I confess I'm very worried about the future of my home state of Louisiana. What concerns me most isn't the certainty that another powerful hurricane will slam into it someday. Rather, I fear that the past, present, and future decisions made by Louisiana's state and local officials, and by its congressional delegation, will impair its ability to recover from Katrina and prepare for future storms.

Federal decisions about how to help Louisiana are, unfortunately, being influenced by the state's long-standing reputation as a bastion of corruption, malfeasance, and mismanagement. Although at least a half-dozen states have chronic management problems that are virtually as bad as Louisiana's, the Pelican State probably has the worst reputation -- deserved or not -- for corruption. That image partly comes from Louisiana's long list of colorful politicians, dating back at least to Govs. Huey Long and Earl Long in the 1930s, and including former Gov. Edwin Edwards, who is doing time in a federal prison.

The nation's goodwill toward the people of the Gulf Coast will vanish if taxpayers suspect that their hard-earned dollars are lining the pockets of the friends and relatives of the region's elected officials, or that the money will be used to rebuild a troubled city just the way it was -- that is, no less vulnerable to a big hurricane.

Louisiana's senators, Democrat Mary Landrieu and Republican David Vitter, have proposed a 440-page spending package with a $250 billion price tag. That's a whopping $55,361.54 for every man, woman, and child who lived in the state, pre-Katrina. And that sum does not include the initial $62 billion aid package that Congress passed for the Gulf Coast. Considering that just over half of Louisiana's residents live in areas largely unaffected by Katrina, the senators' proposal works out to more than $100,000 per person in the Greater New Orleans metro area.

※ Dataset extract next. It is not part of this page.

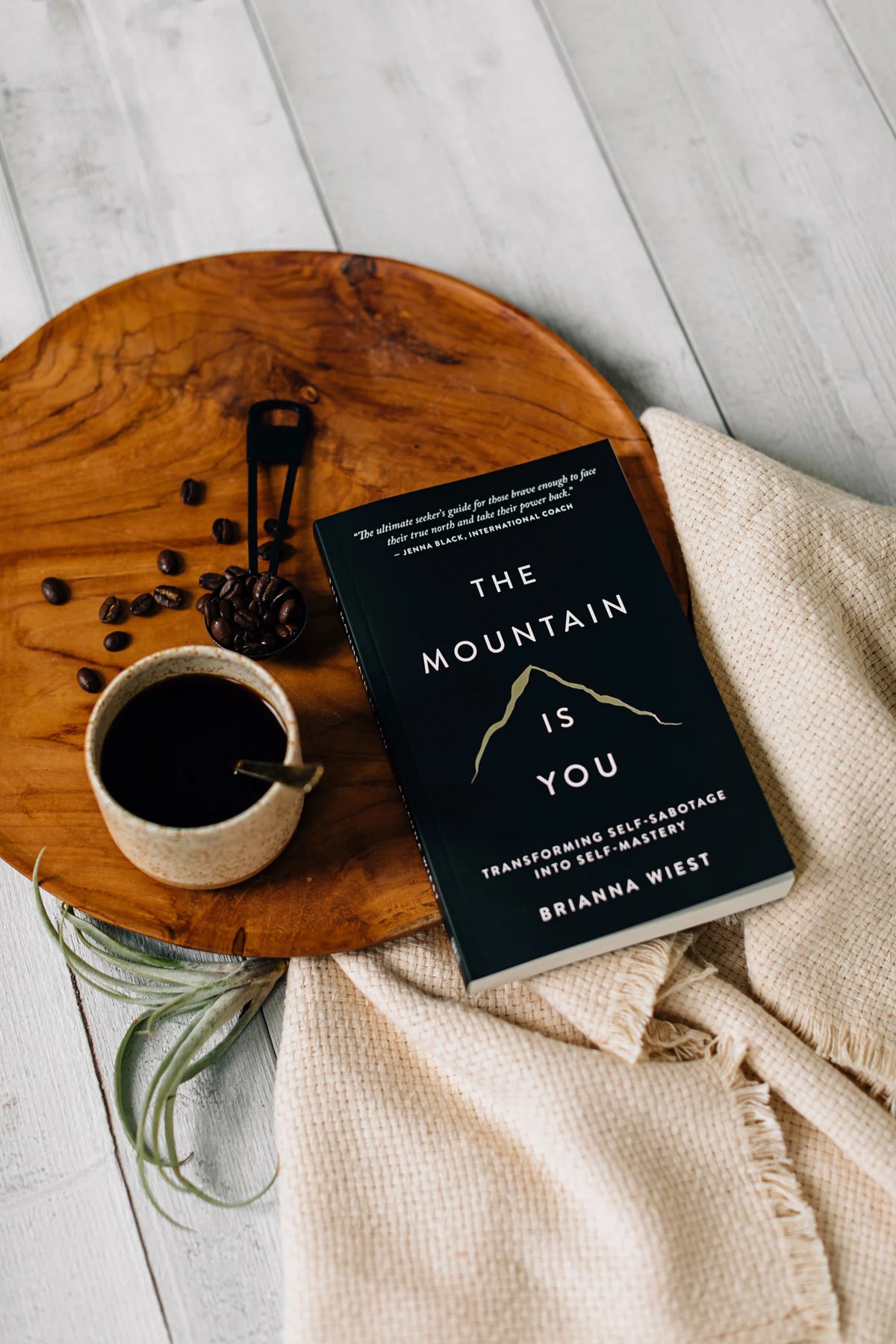 The Mountain Is You by Brianna Wiest resting on a wooden tray beside a cup of coffee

No one knows how much it will really cost to rebuild Louisiana and to upgrade its storm defenses. But, given the state's reputation, perhaps the surest way to kill the goose before it lays the first egg was for Louisiana to smack Congress with a greedy, jaw-dropping request that set off alarms. Experiencing sticker shock, The Washington Post, not known for urging frugality in federal spending, dubbed the legislation's sponsors "looters."

Before introducing their costly wish list, Landrieu and Vitter created stakeholder working groups, packed with lobbyists, to advise them. Also serving on one of the groups were acclaimed author John Barry, who wrote Rising Tide: The Great Mississippi Flood of 1927 and How It Changed America, and Ivor van Heerden, the deputy director of Louisiana State University's respected Hurricane Center. Barry and van Heerden recommended that the National Academy of Sciences oversee the Army Corps of Engineers' rebuilding work, but the advisory panels rejected that suggestion. The Times-Picayune quoted van Heerden as complaining, "This was a bill put together by lobbyists, without any involvement from scientists from Louisiana who know the situation."

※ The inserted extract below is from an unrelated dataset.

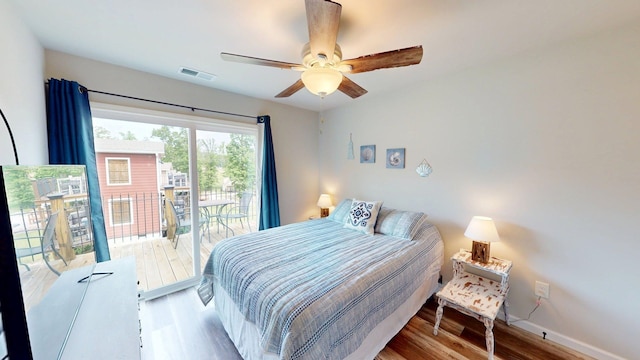 bedroom with visible vents, ceiling fan, wood finished floors, and access to exterior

But a bloated legislative proposal is hardly the state's only self-inflicted problem. The mayor of New Orleans seems hell-bent on repopulating the city before its water, sewerage, electricity, and phone services are ready -- and before careful thought is given to how and what to rebuild. Just slap everything back up the way it was. That's a great way to spend billions of dollars.

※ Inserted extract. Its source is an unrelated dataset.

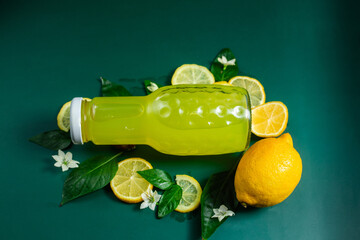 lemon juice and lemon slices on a green background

Before Katrina, New Orleans was a great, but troubled and impoverished, city. Katrina brought untold tragedy, but also an unparalleled opportunity to effectively address problems associated with urban decay.

For at least 50 years, at every important public policy fork in the road, Louisiana has seemed to invariably choose the wrong direction, squandering chances to maximize its bounty of oil, gas, and other natural resources, for example. Now, much of that bounty is gone, with little to show for it. And Louisiana is having difficulty getting large corporations to move into the state to provide the kind of manufacturing jobs that other Southern states have created with relative ease.

Especially in this time of rising federal budget deficits, Louisiana's leaders should carefully assess their every decision -- to make sure they do things the right way, and to reassure Congress that relief and rebuilding money will be spent wisely and honestly. The last thing storm-ravaged Louisiana needs to do is reinforce the negative stereotypes that have long plagued it.